Wednesday, November 7, 2007

Six Degrees of Homework

I hate homework. Okay, technically, I don't really HAVE any homework in the traditional sense, seeing as how I haven't set foot in a classroom since the Reagan administration. However, as soon as one of my kids enters the house with a homework assignment, it somehow becomes mine by proxy.


My oldest will be the first to tell you that in his younger grades, I helped him (a lot) with his homework. (I seem to recall a killer report I did for him in the fourth grade on some explorer, that should have raised any competent teacher's suspicions what with its complex word usage and high tech graphics.) I knew that in many ways, I was hurting him by doing the work, but in some respects it came down to getting it done so that he could get some sleep, or dinner, or at least one bath a week. Fortunately, when he started high school, some new part of his brain grew in and he has done great all by himself. He still takes a long time to get his work done, partly because he is just a 16 bit processor in a 64 bit world, and partly because he is a perfectionist. I take comfort in knowing that the work is getting done and turned in on time as evidenced by his spectacular grade point average, but I do miss seeing him aside from meals and mornings on the way out, because he is ALWAYS doing homework.


My 14 year-old is in his first year of high school and is handling things pretty well. Much to the annoyance of his big brother, he can whip a stack of regular homework pretty quickly most of the time and seldom (if ever) cracks a book to really study for tests (and yet he still makes really good grades). However, he does have a bad habit of procrastinating on the big things.

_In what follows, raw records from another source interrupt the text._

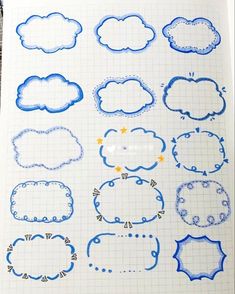 a sheet of paper that has some blue doodles on it with different shapes and sizes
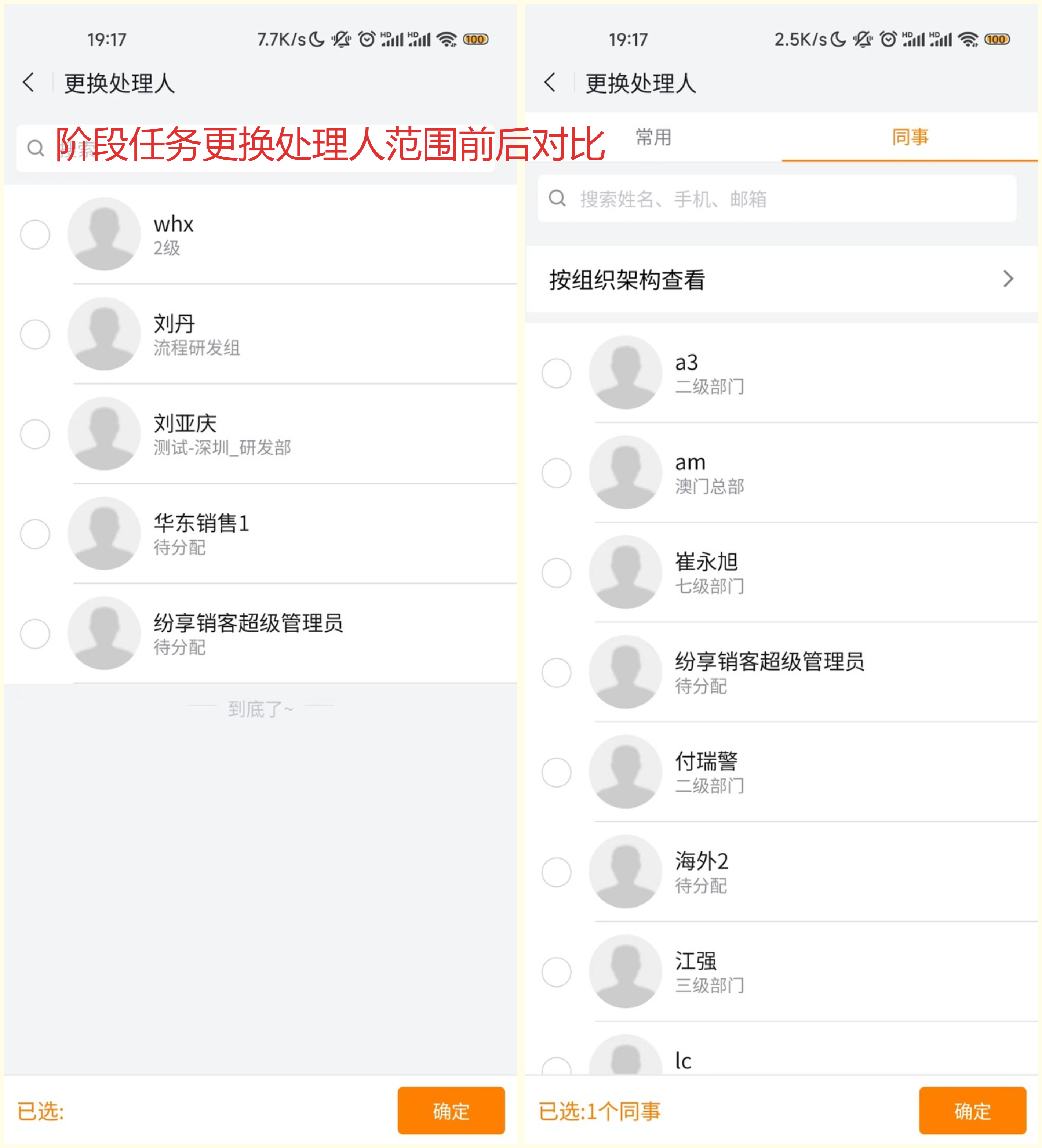 阶段任务更换处理人范围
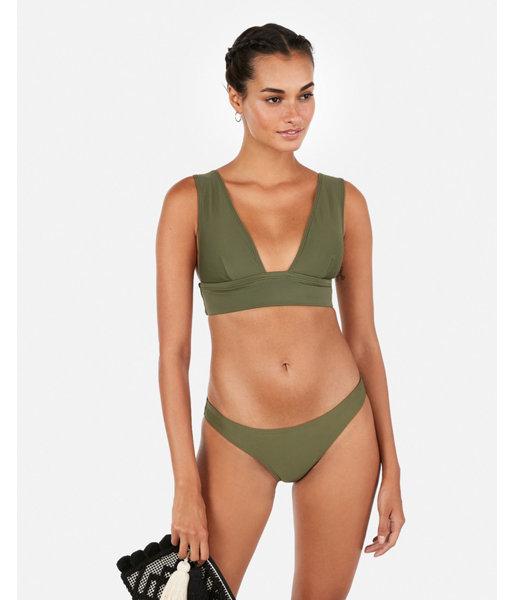 Express Womens Thick Band Deep V Plunge Bikini Top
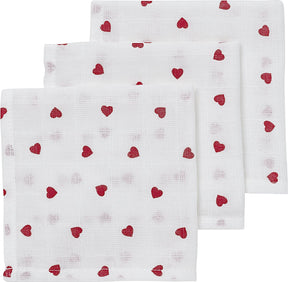 Meyco baby sweet heart ubrousky do úst - 3 balení - hydrofilní - červené - 30x30cm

Give this boy two weeks for a project and count on him being up until midnight the night before it is due, cramming to finish. I threaten him within an inch of his life every time he does it, and I guess I should just let him take his lumps, but most of the time, he slides by and gets away with it. In the meantime, I can just feel my ulcer starting to bleed.



My sixth grade daughter is a little better, though her downfall lately has been all of the distractions around here, particularly her baby brother and her BFF who she has to talk to on the phone every afternoon despite the fact that they have just spent the better part of the day together. The trick is (1) getting her started and (2) keeping her focused. Unlike the 14 year-old, she is a little more receptive to the procrastination being a bad idea doctrine. Not to say that she doesn't procrastinate, but she truly feels bad when she does.



Then there are the little girls, the third and first graders. My third grader is a con man. She ALWAYS has an answer, an angle, an excuse. Trying to to get her in a routine concerning her homework is akin to trying to nail Jello to a wall. She always wiggles out of it. She who has the example of three older siblings doing their homework on any given afternoon, just doesn't care. The really irritating thing is that this child is so bright and so inquisitive, but I fear that she will be overlooked because of her blase' attitude about her homework. She does do well on her classwork, but I worry about the days (probably 4th grade) when she starts really getting graded on that work. I think it will be make or break time.


The first grader gets a homework sheet, every Friday, covering the weeks assignments for the week beginning on Monday. Does she get a head start on it over the weekend? (And keep in mind that it usually consists of writing the week's spelling words 3 times and perhaps a math sheet. She resists my futile attempts to get it done early in the week, mainly by going to sleep on the way home from school and then being carried into the house only to sleep until bedtime when her hungry tummy wakes her. Needless to say, guess what she and I are doing on Thursday nights. Yep, that's right. I am pushing her to do her homework and she is tired and cranky and maybe even crying for effect.

I keep reminding myself that they have all gone through these periods and that they are all perfectly capable of doing their work. It's just that I feel responsible. I want them to do better than I did. I was the queen of procratination in my day and if I had done my homework on a timely basis instead of late at night the day before it was due, who knows where I would be now. Okay, I'd probably be right here, but at least I would have had better grades.